The Department of Health was this week trumpeting a nationwide campaign to increase the availability of affordable healthier meals under its Change4Life programme.

The Supermeals initiative - fronted by celebrity chef Ainsley Harriott - would, it said, lead to money-off healthy ingredients at participating supermarkets, Asda, Aldi and The Co-op Group.

However, a closer look at the deals on offer suggests the campaign has had at best a mixed impact on prices, with many of the stores involved offering no reductions at all. And where prices were reduced, they appeared to mirror those of retailers not even involved in the campaign.

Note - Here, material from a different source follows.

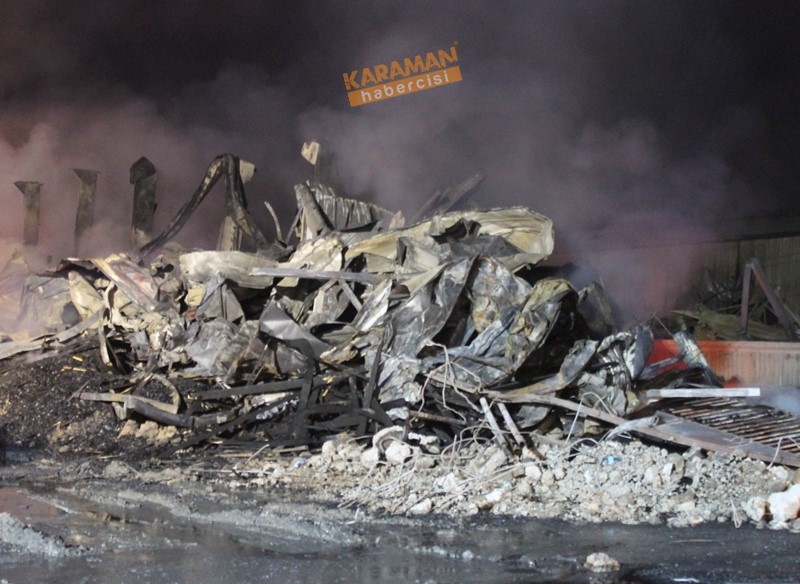 Konya Marangozcular Sanayi Sitesi Büyük Yangın - Marsan Yangın 36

Of the 134 Asda SKUs flagged up via the retailer’s and the Change4Life website, more than half had not actually been reduced in price, while just 46 were rollbacks and 18 were on multibuy promotion.

Aldi admitted it had not reduced any prices, saying it already offered low prices on healthy foods. “We’re not actually reducing any prices as our Super 6 promotion offers such good value,” said a spokesman.

Asda defended its stance. “We are rolling back the price of hundreds of healthier food lines, many at 50p and £1,” maintained a spokeswoman, adding that it was the first time Change4Life had been used to lower prices for all customers.

A spokeswoman for The Co-operative Food, which has cut the price of nine products and is offering 50 mulitbuys, also insisted the campaign would allow families on a budget to “make healthier choices”.

“This is the first time we have teamed up with Change4Life to highlight specific deals on healthier products available for shoppers,” she said.

However, the revelations follow criticism from nutritionists over the ingredients in some of the recipes featured in the campaign.

One recipe was singled out for including a Co-op cheese sauce mix that reportedly contained addititives regularly used in processed foods to extend shelf life.

Rivals also claimed that the retailers involved were more motivated by the positive publicity Change4Life would generate than helping the nation improve its health. Cut-throat competition was the overriding factor behind many of the deals, they added.

“A cynical person might argue that retailers would be offering a raft of special offers with a healthy eating slant in January, ” said Kantar Retail analyst Bryan Roberts. “However, I think the heart of the campaign is in the right place and it’s a positive move.”